**WHAT YOU HAVE TO DO**
Your copy should hold every record verbatim and none of the pictures.
+ + +
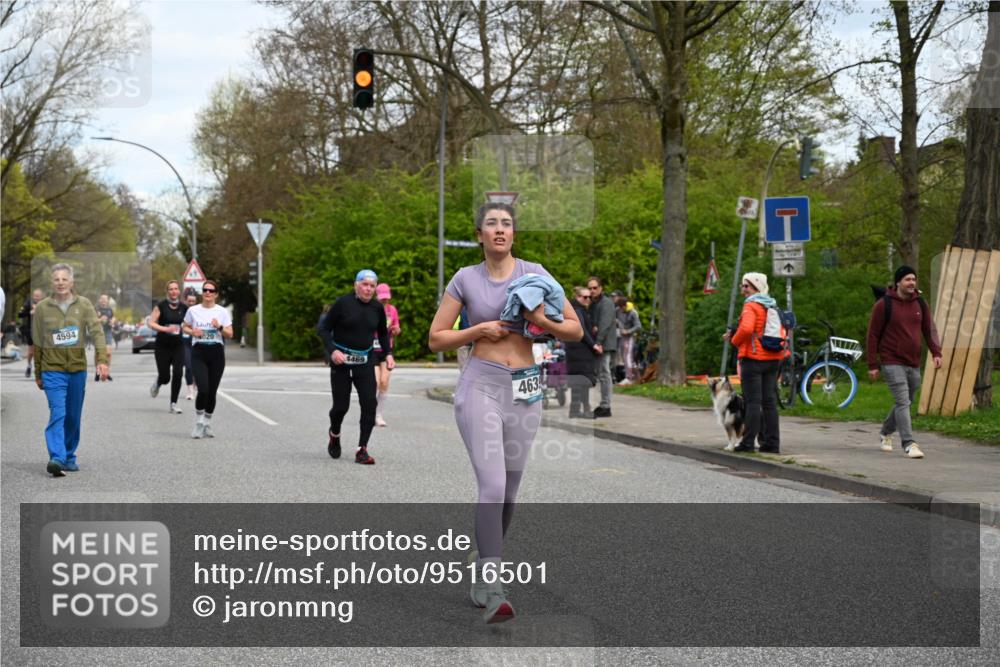 12.04.2026 - 45. Internationalen Wilhelmsburger Insellauf J. Mangold http://msf.ph/oto/9516501 12.04.2026 13:18:37 Ziel 3277, 3828, 4948, 5488, 5663, 4727, 5541, 4153, 3528, 3527, 4400, 4403, 4556, 4626, 2019, 3940, 3482, 3524, 2572, 3587, 4734, 2061, 4020, 5849, 4639, 3809, 4660, 2174, 2174, 5019, 4543, 4793, 5786, 4112, 3071 meine-sportfotos.de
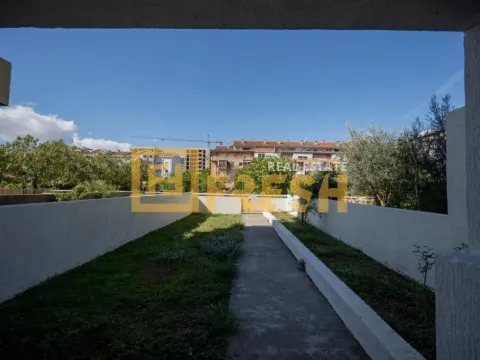 Prodaja, dvosoban stan, 84m², Stari Aerodrom, Podgorica - image 13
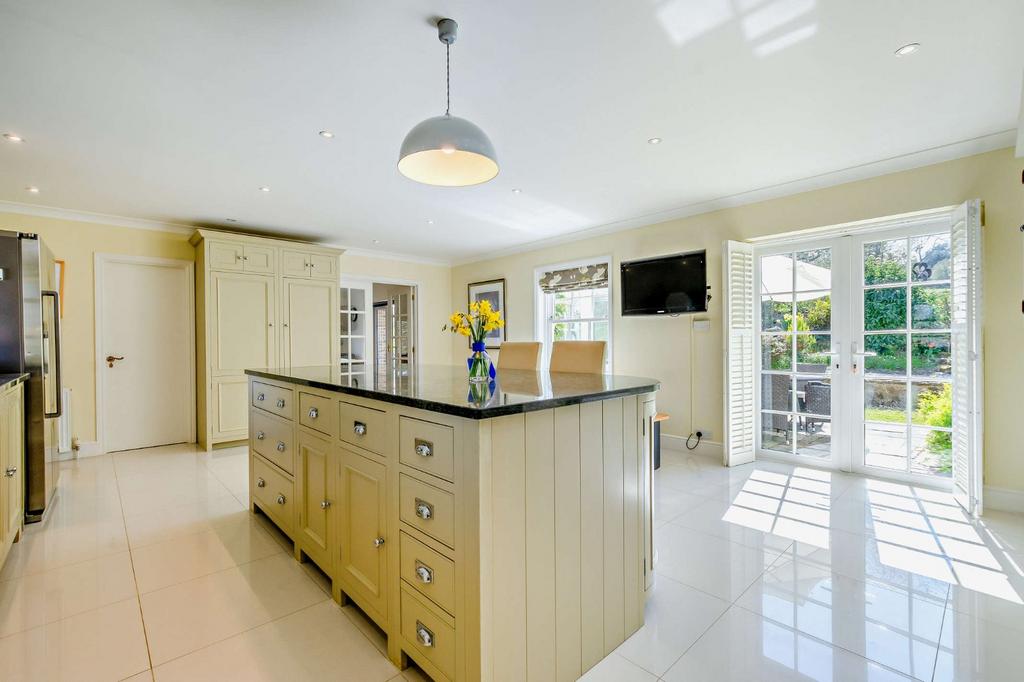 Kitchen/Breakfast Rm
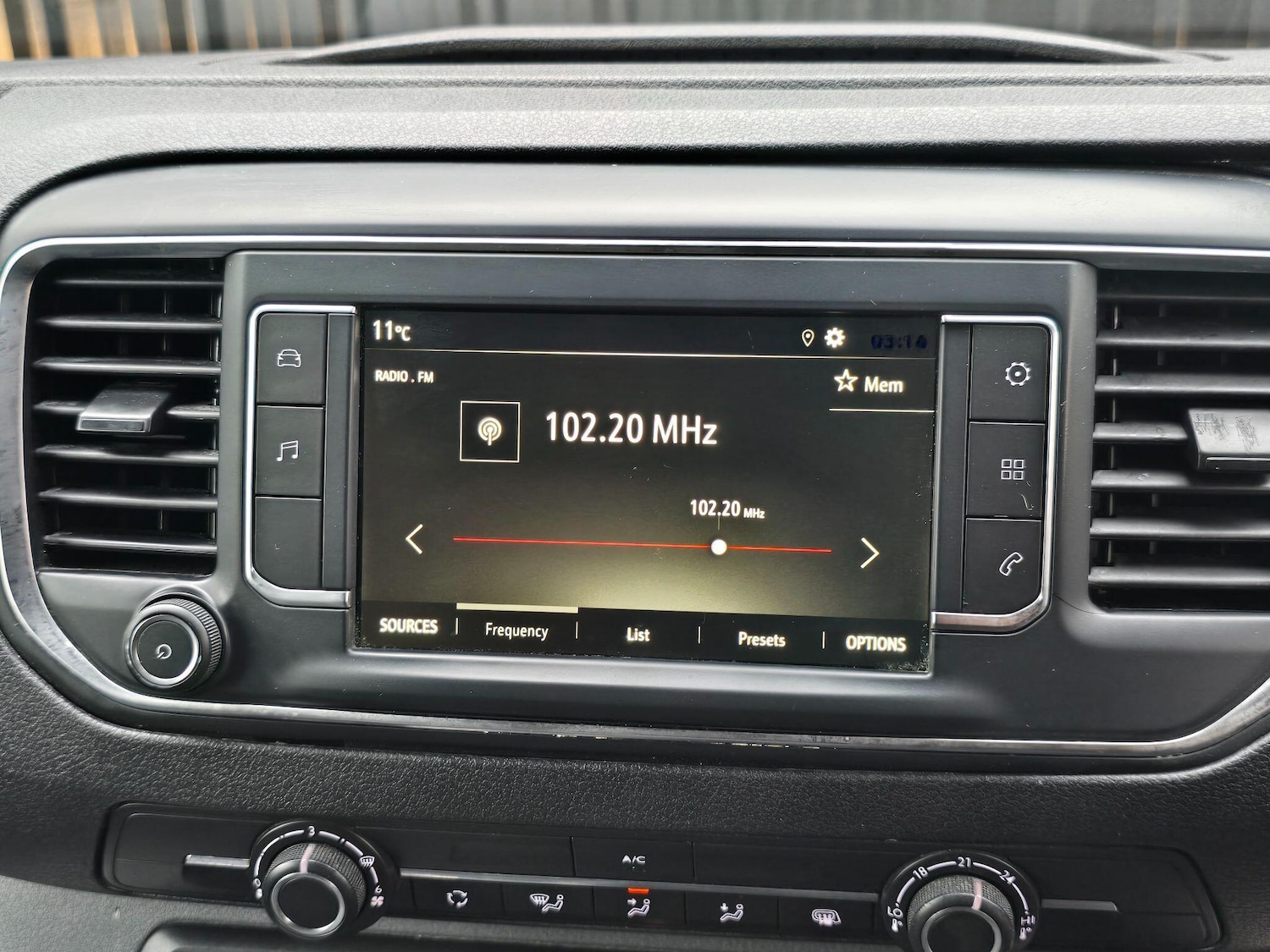 Used Vauxhall Vivaro 2019 for sale - 77969978: Photo 39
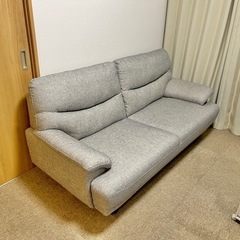 【値段相談あり・18ヶ月使用】ニトリ　3人掛けソファ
+ + +
**YOUR SOLUTION**
 12.04.2026 - 45. Internationalen Wilhelmsburger Insellauf J. Mangold http://msf.ph/oto/9516501 12.04.2026 13:18:37 Ziel 3277, 3828, 4948, 5488, 5663, 4727, 5541, 4153, 3528, 3527, 4400, 4403, 4556, 4626, 2019, 3940, 3482, 3524, 2572, 3587, 4734, 2061, 4020, 5849, 4639, 3809, 4660, 2174, 2174, 5019, 4543, 4793, 5786, 4112, 3071 meine-sportfotos.de
 Prodaja, dvosoban stan, 84m², Stari Aerodrom, Podgorica - image 13
 Kitchen/Breakfast Rm
 Used Vauxhall Vivaro 2019 for sale - 77969978: Photo 39
 【値段相談あり・18ヶ月使用】ニトリ　3人掛けソファ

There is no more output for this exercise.